*PROBLEM*. Though the records contain pictures, copy none of them; repeat exactly the lines from the one with "Women's St Patrick's" to the end.

Short text fragments from websites
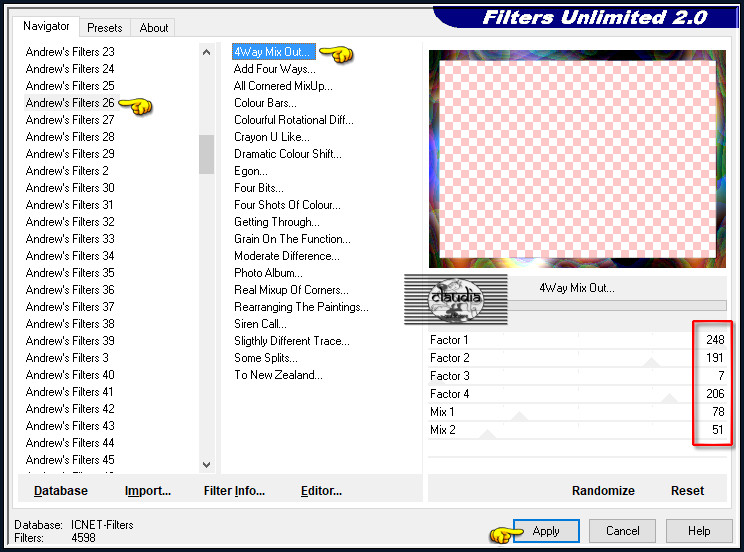 Effecten - Insteekfilters - <I.C.NET Software> - Filters Unlimited 2.0 - Andrew's Filters 26 - 4Way Mix Out...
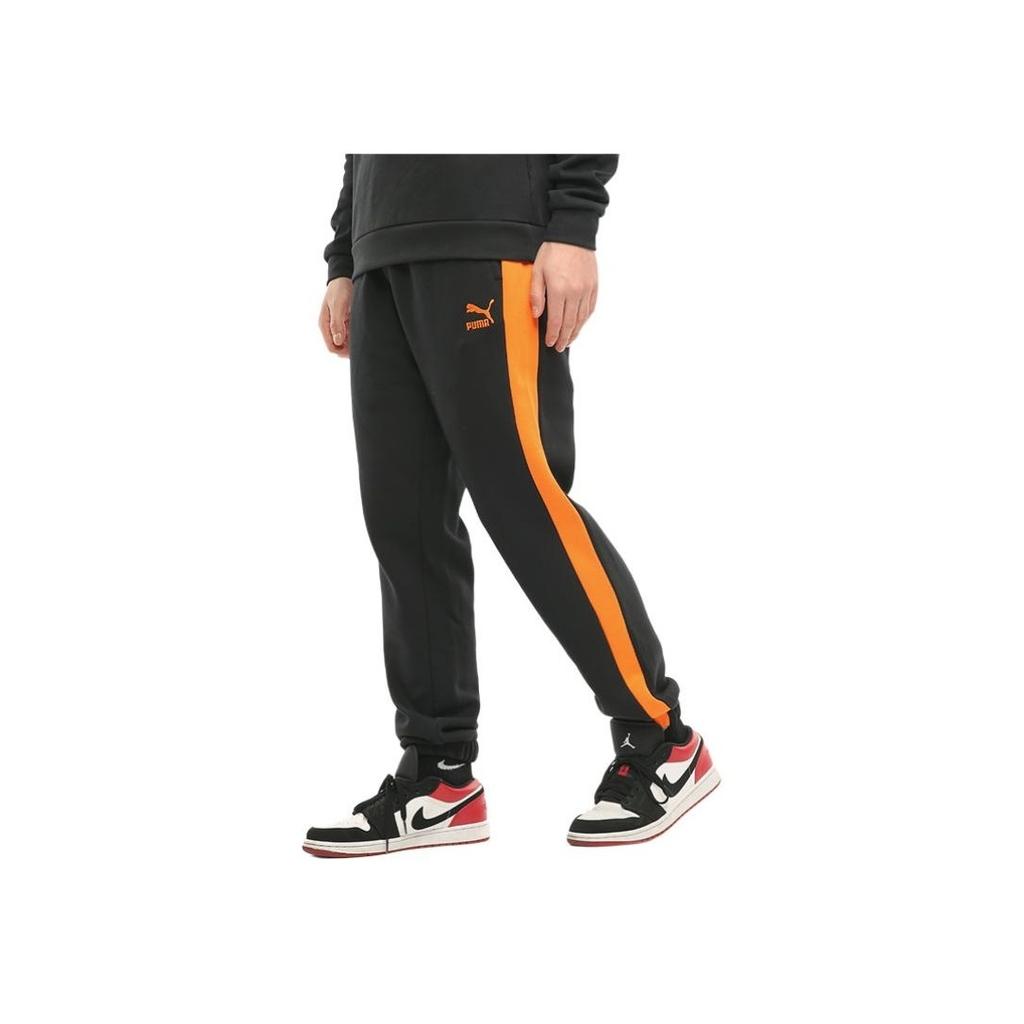 Puma Iconic T7 Relaxed Contrast Drawstring Casual Joggers Men Bottoms Black Orange 530373-51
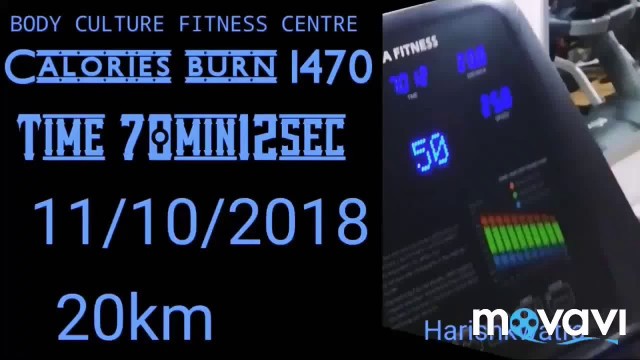 'Viva fitness treadmill 20km in 70min12sec..'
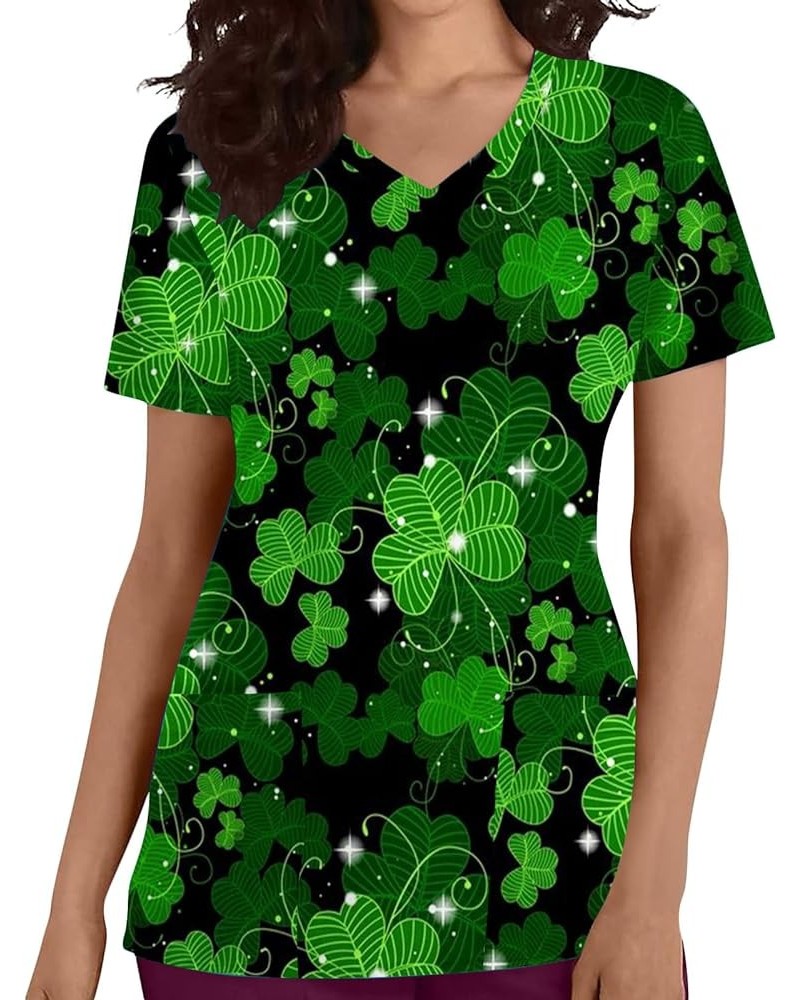 Women's St Patrick's Day Scrubs Tops Short Sleeve V Neck Irish Shamrock Stretchy Work Uniform Clothes 2024 01-black $6.95 Tops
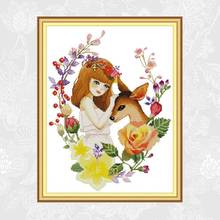 Girl and Deer Patterns Counted Cross-stitch Printed Canvas 11ct 14ct DIY Handwrok Embroidery Thread Sets Cross Stitch kits 2024 - buy cheap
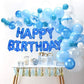 Toniful Blue Happy Birthday Balloons 16 Inch Mylar Foil Letters Birthday Sign Banner Balloon Bunting Reusable Ecofriendly Materi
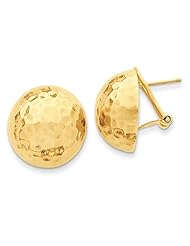 14k Yellow Gold Hammered Omega Back Post Earrings. Metal Wt- 5.59g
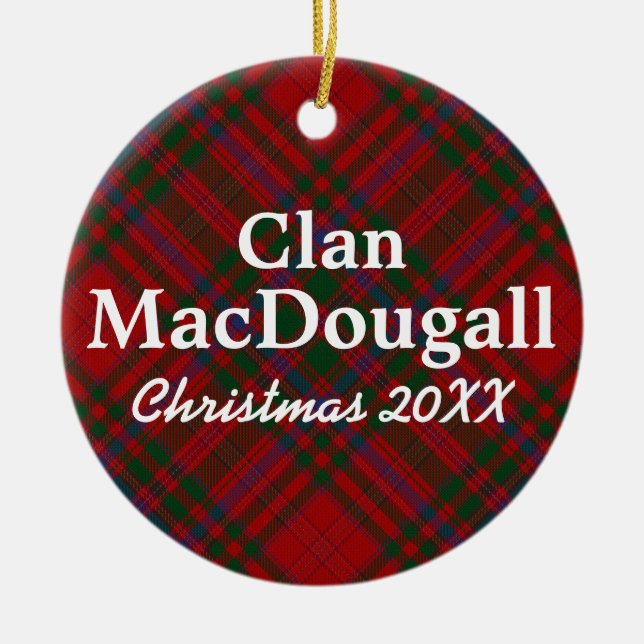 Clan MacDougall Scottish Tartan Ceramic Tree Decoration (Front)
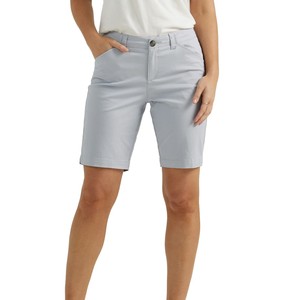 Shorts pour femmes en coton Oxford bleu clair, taille mi-haute, coupe classique, fermeture boutonnée, style décontracté, couleur unie, tissu respirant - Product Image 1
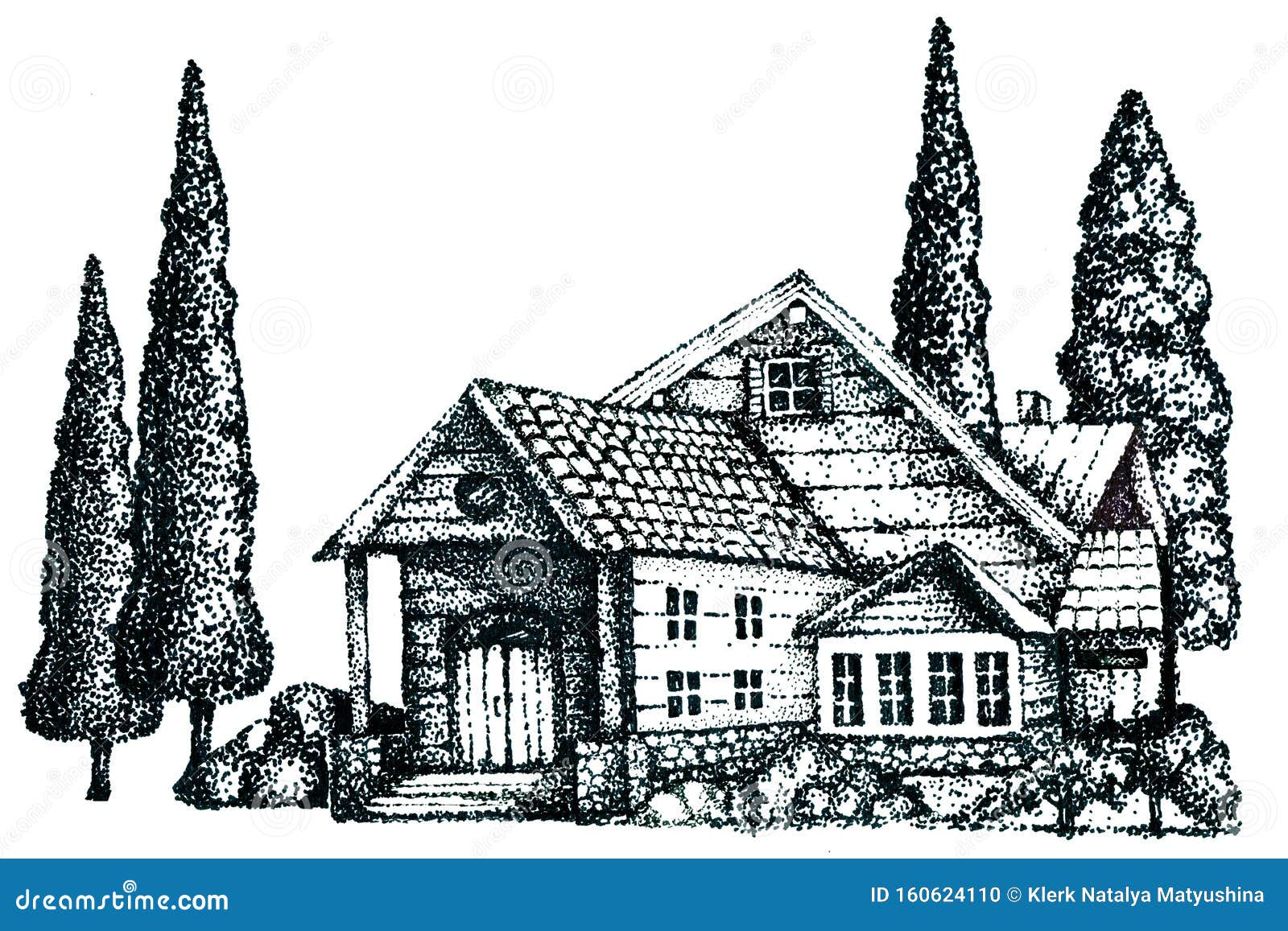 La Arquitectura De Una Casa De Campo, Una Hacienda Rural, Una Residencia De  Verano, Una Villa En La Provincia Meridional. LÃnea D Stock de ilustración  - Ilustración de campo, aceitunas: 160624110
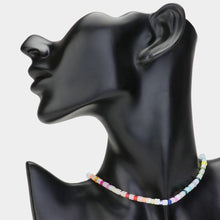 Load image into Gallery viewer, Gold Rainbow Beaded Choker Necklace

*PROBLEM SOLUTION*.
 Women's St Patrick's Day Scrubs Tops Short Sleeve V Neck Irish Shamrock Stretchy Work Uniform Clothes 2024 01-black $6.95 Tops
 Girl and Deer Patterns Counted Cross-stitch Printed Canvas 11ct 14ct DIY Handwrok Embroidery Thread Sets Cross Stitch kits 2024 - buy cheap
 Toniful Blue Happy Birthday Balloons 16 Inch Mylar Foil Letters Birthday Sign Banner Balloon Bunting Reusable Ecofriendly Materi
 14k Yellow Gold Hammered Omega Back Post Earrings. Metal Wt- 5.59g
 Clan MacDougall Scottish Tartan Ceramic Tree Decoration (Front)
 Shorts pour femmes en coton Oxford bleu clair, taille mi-haute, coupe classique, fermeture boutonnée, style décontracté, couleur unie, tissu respirant - Product Image 1
 La Arquitectura De Una Casa De Campo, Una Hacienda Rural, Una Residencia De  Verano, Una Villa En La Provincia Meridional. LÃnea D Stock de ilustración  - Ilustración de campo, aceitunas: 160624110
 Load image into Gallery viewer, Gold Rainbow Beaded Choker Necklace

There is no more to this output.